A higher proportion of women who did not know if the HPV vaccine is successful at preventing cervical cancer were aged 65 years and older (Wt = 77.2%, 95% CI = 73.1% to 81.3%), NHBs (Wt = 74.6%, 95% CI = 68.4% to 80.7%), in the lowest household income strata (<$35 000; Wt = 71.1%, 95% CI = 65.1% to 77.1%), current smokers (Wt = 74.2%, 95% CI = 66.3% to 82.1%), and had education levels no greater than 12 years of completed high school (Wt = 78.0%, 95% CI = 71.8% to 84.3%). This proportion was lower in women who have been recommended by a health-care provider to get an HPV shot within the last 12 months (Wt = 45.4%, 95% CI = 35.5% to 55.4%), in those with no personal cancer history (Wt = 62.7%, 95% CI = 59.2% to 66.2%), and in women with a family cancer history (Wt = 61.9%, 95% CI = 58.1% to 65.7%).

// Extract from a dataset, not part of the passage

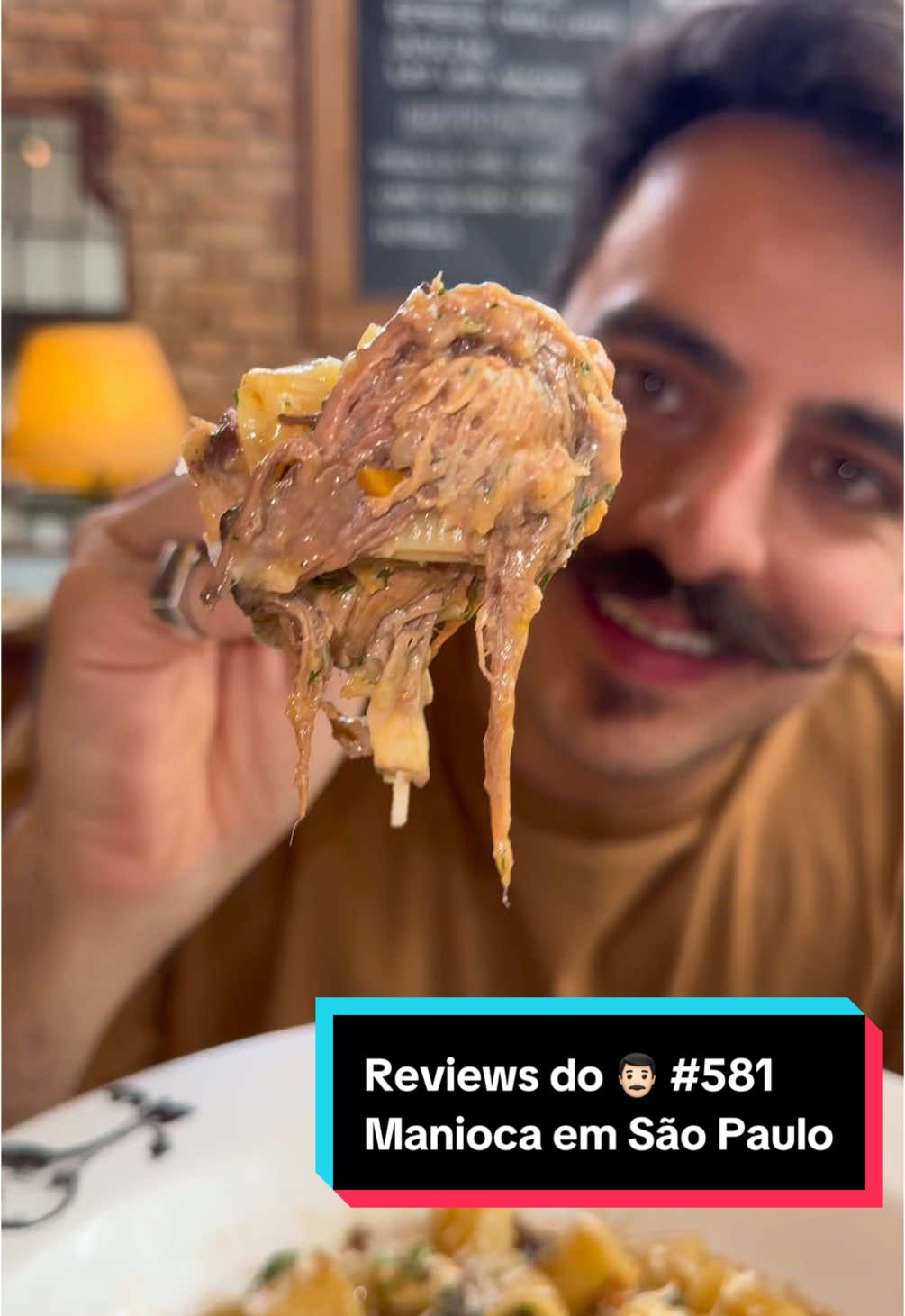 Reviews do Mustache 581 - Almoço com a patroa no Manioca em São Paulo #rigatoni #sobremesa #reviewsdomustache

Higher proportions in the belief that the HPV vaccine is not successful at preventing cervical cancer were reported among women aged 18 to 34 years (Wt = 8.6%, 95% CI = 3.4% to 13.8%), Asians (Wt = 7.7%, 95% CI = 0.0% to 18.3%), uninsured (Wt = 10.2%, 95% CI = 2.4% to 18.0%), and those who have not been recommended by a health-care provider to get an HPV shot within the last 12 months (Wt = 9.1%, 95% CI = 5.0% to 13.2%). Lower proportions of this belief were found in women living in isolated rural areas (Wt = 5.0%, 95% CI = 0.0% to 10.4%), current smokers (Wt = 3.2%, 95% CI = 0.3% to 6.1%), and those unsure of a family cancer history (Wt = 1.3%, 95% CI = 0.0% to 3.6%) (Table 1).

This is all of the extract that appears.